Vipera ammodytes bites treated with antivenom ViperaTAb: a case series with pharmacokinetic evaluation.

Author information

1
a Centre for Clinical Toxicology and Pharmacology, University Medical Centre Ljubljana , Ljubljana , Slovenia.
2
b Faculty of Medicine , Institute of Pathophysiology, University of Ljubljana , Ljubljana , Slovenia.
3
c Centre for Research and Knowledge Transfer in Biotechnology, University of Zagreb , Zagreb , Croatia.
4
d Department of Molecular and Biomedical Sciences , Jožef Stefan Institute , Ljubljana , Slovenia.
5
e Faculty of Chemistry and Chemical Technology , University of Ljubljana , Ljubljana , Slovenia.

Abstract

CONTEXT:

In clinical practice it is difficult to differentiate between V. berus and V. ammodytes venomous bites. In the past this was not a concern, but due to the current shortage in Viperfav™ and European viper venom antiserum availability, V. a. ammodytes venomous bites have recently been treated with ViperaTAb®, which is a pharmaceutical formulation containing a monospecific ovine Fab fragments against the venom of V. berus.

OBJECTIVE:

To evaluate ViperaTAb® in V. a. ammodytes envenomations.

MATERIALS AND METHODS:

This is a prospective case series of three consecutive patients envenomed by V. a. ammodytes snakebite treated with ViperaTAb®. V. ammodytes venom, neurotoxic ammodytoxins, and Fab fragment levels were determined in serum samples and a pharmacokinetic analysis of the antivenom Fab fragments was carried out.

RESULTS:

Three patients bitten by V. a. ammodytes with extensive local swelling, neurological symptoms and recurrent thrombocytopenia were treated with ViperaTAb®. V. ammodytes venom was detected in serum of all three patients. Ammodytoxins were detected in the serum of only the most severely envenomed patient who developed neurological symptoms.

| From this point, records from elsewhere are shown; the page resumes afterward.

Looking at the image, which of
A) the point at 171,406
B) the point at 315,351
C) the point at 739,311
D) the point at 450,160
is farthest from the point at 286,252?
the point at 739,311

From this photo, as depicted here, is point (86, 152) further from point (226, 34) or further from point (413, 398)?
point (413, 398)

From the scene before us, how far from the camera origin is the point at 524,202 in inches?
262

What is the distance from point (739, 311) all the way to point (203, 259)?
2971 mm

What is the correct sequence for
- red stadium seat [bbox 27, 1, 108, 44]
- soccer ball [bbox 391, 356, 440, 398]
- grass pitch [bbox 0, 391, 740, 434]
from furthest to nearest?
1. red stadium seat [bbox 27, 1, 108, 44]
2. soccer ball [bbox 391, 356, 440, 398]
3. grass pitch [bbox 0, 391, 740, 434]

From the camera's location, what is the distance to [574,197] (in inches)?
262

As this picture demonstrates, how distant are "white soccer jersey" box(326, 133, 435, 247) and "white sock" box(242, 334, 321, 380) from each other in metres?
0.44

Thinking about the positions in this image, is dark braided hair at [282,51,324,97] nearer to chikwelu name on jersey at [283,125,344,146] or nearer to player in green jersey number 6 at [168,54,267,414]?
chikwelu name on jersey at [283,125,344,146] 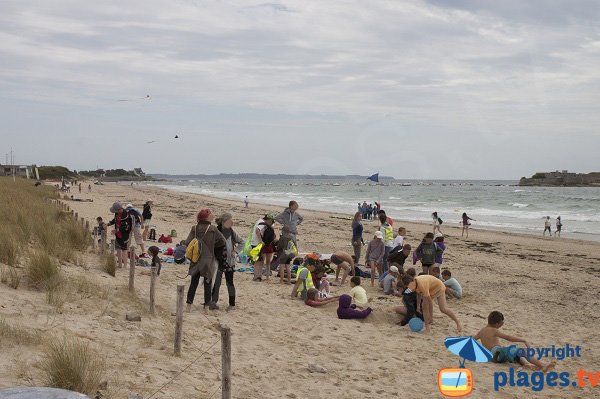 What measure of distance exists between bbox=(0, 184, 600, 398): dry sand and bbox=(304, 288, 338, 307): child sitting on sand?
125 mm

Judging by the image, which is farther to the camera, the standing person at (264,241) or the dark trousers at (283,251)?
the dark trousers at (283,251)

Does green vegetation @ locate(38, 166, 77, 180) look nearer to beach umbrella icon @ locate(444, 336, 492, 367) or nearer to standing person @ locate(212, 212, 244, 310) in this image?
standing person @ locate(212, 212, 244, 310)

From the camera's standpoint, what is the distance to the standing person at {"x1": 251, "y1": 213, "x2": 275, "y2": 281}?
11234mm

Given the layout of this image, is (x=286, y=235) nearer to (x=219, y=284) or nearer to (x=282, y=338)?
(x=219, y=284)

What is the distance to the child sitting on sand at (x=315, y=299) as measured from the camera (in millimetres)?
9680

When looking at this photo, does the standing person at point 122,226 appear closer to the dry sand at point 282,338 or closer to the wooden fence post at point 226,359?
the dry sand at point 282,338

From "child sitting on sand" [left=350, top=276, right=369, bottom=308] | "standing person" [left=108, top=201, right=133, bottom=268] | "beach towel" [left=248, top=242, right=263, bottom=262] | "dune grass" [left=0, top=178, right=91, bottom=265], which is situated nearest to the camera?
"dune grass" [left=0, top=178, right=91, bottom=265]

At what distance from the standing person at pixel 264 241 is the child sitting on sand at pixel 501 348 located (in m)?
4.88

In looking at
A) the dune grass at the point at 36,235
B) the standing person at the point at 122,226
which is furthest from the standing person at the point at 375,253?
the dune grass at the point at 36,235

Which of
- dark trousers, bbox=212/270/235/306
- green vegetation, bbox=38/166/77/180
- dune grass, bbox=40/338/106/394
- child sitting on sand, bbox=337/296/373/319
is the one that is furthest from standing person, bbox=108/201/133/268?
green vegetation, bbox=38/166/77/180

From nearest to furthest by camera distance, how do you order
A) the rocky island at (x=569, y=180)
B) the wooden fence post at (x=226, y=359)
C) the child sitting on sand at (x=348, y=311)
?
the wooden fence post at (x=226, y=359), the child sitting on sand at (x=348, y=311), the rocky island at (x=569, y=180)

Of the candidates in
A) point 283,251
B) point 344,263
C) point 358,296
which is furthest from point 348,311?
point 344,263

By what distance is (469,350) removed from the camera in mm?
7137

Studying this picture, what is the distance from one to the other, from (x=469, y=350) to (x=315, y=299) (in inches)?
130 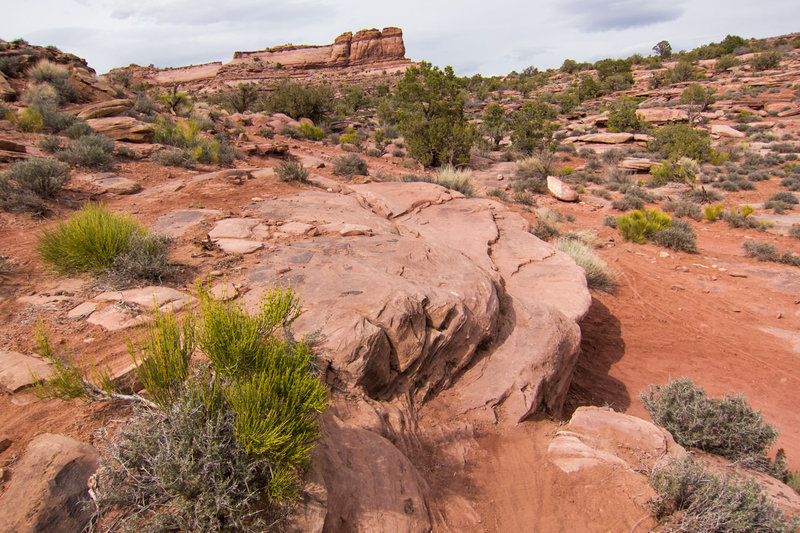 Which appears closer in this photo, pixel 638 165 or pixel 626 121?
pixel 638 165

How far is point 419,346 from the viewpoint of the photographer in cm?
352

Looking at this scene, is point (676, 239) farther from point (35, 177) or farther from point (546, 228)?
point (35, 177)

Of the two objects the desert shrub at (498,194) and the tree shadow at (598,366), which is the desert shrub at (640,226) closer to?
the desert shrub at (498,194)

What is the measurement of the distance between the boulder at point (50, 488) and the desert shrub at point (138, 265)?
211 centimetres

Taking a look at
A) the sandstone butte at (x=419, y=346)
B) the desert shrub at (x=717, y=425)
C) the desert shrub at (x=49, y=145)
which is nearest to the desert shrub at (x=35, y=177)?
the sandstone butte at (x=419, y=346)

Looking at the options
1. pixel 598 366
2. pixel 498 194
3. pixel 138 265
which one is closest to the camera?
pixel 138 265

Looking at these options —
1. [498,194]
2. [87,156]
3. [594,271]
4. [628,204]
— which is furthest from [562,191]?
[87,156]

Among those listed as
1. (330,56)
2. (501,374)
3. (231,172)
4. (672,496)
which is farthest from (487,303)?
(330,56)

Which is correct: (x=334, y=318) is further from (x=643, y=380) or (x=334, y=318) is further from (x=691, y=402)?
(x=643, y=380)

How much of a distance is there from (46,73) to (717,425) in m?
20.3

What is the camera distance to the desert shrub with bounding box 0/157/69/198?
5.60 m

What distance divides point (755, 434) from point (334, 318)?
440 cm

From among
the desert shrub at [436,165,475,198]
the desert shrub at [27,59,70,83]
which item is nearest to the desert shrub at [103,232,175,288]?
the desert shrub at [436,165,475,198]

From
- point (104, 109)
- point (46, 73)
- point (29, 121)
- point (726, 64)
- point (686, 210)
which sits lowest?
point (686, 210) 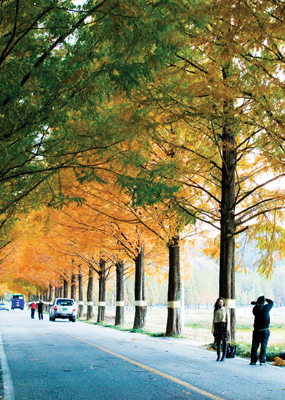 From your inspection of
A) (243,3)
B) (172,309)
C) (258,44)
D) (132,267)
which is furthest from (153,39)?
(132,267)

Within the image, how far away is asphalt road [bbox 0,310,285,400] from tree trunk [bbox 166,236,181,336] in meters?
4.75

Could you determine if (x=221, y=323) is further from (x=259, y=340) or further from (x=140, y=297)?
→ (x=140, y=297)

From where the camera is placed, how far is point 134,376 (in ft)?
23.7

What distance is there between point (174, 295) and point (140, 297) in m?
4.39

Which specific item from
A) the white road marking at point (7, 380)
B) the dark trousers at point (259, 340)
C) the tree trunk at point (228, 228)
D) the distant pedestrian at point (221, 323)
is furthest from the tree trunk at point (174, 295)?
the white road marking at point (7, 380)

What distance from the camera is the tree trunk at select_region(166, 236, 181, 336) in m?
15.9

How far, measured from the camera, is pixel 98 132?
26.0 feet

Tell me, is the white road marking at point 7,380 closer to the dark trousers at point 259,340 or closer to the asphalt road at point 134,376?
the asphalt road at point 134,376

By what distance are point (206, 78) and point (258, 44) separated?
79.5 inches

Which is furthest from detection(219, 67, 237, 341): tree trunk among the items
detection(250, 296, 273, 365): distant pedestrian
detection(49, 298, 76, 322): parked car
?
detection(49, 298, 76, 322): parked car

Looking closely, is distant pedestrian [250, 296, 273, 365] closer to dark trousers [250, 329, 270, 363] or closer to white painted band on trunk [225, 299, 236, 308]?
dark trousers [250, 329, 270, 363]

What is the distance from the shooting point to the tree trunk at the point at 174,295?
52.0ft

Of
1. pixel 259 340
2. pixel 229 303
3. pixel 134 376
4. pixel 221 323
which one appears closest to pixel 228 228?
pixel 229 303

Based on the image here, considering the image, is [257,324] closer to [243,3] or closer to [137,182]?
[137,182] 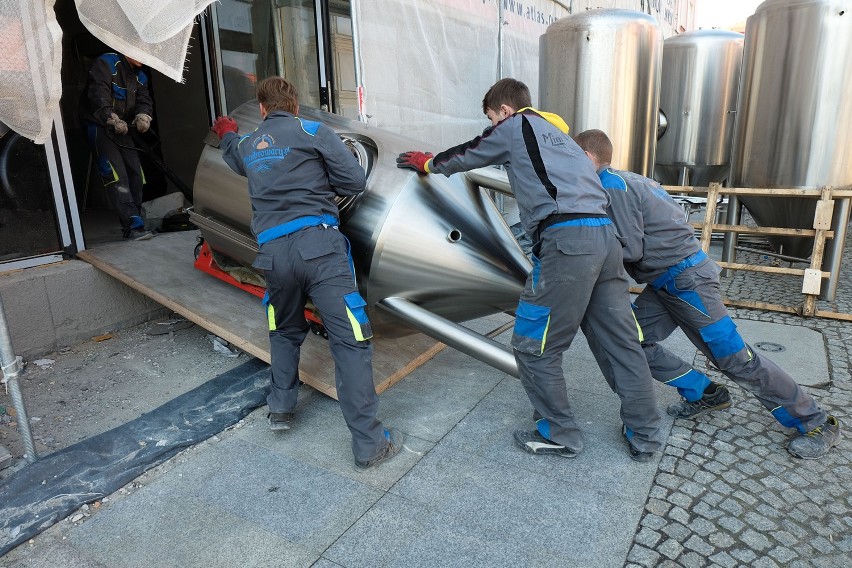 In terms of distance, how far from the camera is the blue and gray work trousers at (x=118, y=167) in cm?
430

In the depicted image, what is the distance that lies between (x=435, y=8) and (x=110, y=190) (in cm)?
364

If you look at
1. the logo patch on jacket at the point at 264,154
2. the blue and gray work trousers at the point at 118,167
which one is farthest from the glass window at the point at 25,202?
the logo patch on jacket at the point at 264,154

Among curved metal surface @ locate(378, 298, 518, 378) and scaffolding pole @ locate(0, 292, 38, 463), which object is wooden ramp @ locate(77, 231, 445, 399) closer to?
curved metal surface @ locate(378, 298, 518, 378)

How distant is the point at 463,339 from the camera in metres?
2.51

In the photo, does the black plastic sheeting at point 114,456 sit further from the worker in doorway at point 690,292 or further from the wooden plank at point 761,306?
the wooden plank at point 761,306

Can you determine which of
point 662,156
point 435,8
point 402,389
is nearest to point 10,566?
point 402,389

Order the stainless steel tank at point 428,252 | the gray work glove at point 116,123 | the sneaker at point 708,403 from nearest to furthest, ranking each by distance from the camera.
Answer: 1. the stainless steel tank at point 428,252
2. the sneaker at point 708,403
3. the gray work glove at point 116,123

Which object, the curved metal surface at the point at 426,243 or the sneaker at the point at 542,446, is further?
the curved metal surface at the point at 426,243

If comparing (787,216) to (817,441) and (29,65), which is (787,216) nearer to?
(817,441)

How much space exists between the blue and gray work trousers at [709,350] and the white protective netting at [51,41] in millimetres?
2375

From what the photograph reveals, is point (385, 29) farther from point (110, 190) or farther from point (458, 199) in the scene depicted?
point (458, 199)

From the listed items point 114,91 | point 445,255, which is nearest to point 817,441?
point 445,255

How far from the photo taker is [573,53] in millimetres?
5156

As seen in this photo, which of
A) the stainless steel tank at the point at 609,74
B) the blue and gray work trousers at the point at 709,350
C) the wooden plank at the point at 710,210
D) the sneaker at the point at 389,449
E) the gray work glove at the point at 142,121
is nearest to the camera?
the sneaker at the point at 389,449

In the presented moderate cases, a dose of 8 mL of ViperaTAb® reduced swelling and improved systemic effects, such as thrombocytopenia. However, this dose of ViperaTAb® was not effective in the most severely envenomed patient with the highest serum values of V. ammodytes venom. In this case ViperaTAb® did not stop local swelling and it had no effect on neurological signs. ViperaTAb®'s systemic clearance, distribution and elimination half-lives were 4.3-13.4 mL/h/kg, 1.2-3.2 h and 14.1-55.4 h, respectively.

CONCLUSIONS:

In patients envenomed by V. a. ammodytes venom, ViperaTAb® reduces moderate swelling and temporarily improves systemic effects, except neurological symptoms. ViperaTAb® application induces a decrement of V. ammodytes venom level in the blood, but did not affect serum concentration of neurotoxic ammodytoxins in the one patient with measurable concentrations.

KEYWORDS:

Fab fragments; V. a. ammodytes; ViperaTAb; nose-horned viper; pharmacokinetics

PMID:
28092984
DOI:
10.1080/15563650.2016.1277235
[Indexed for MEDLINE]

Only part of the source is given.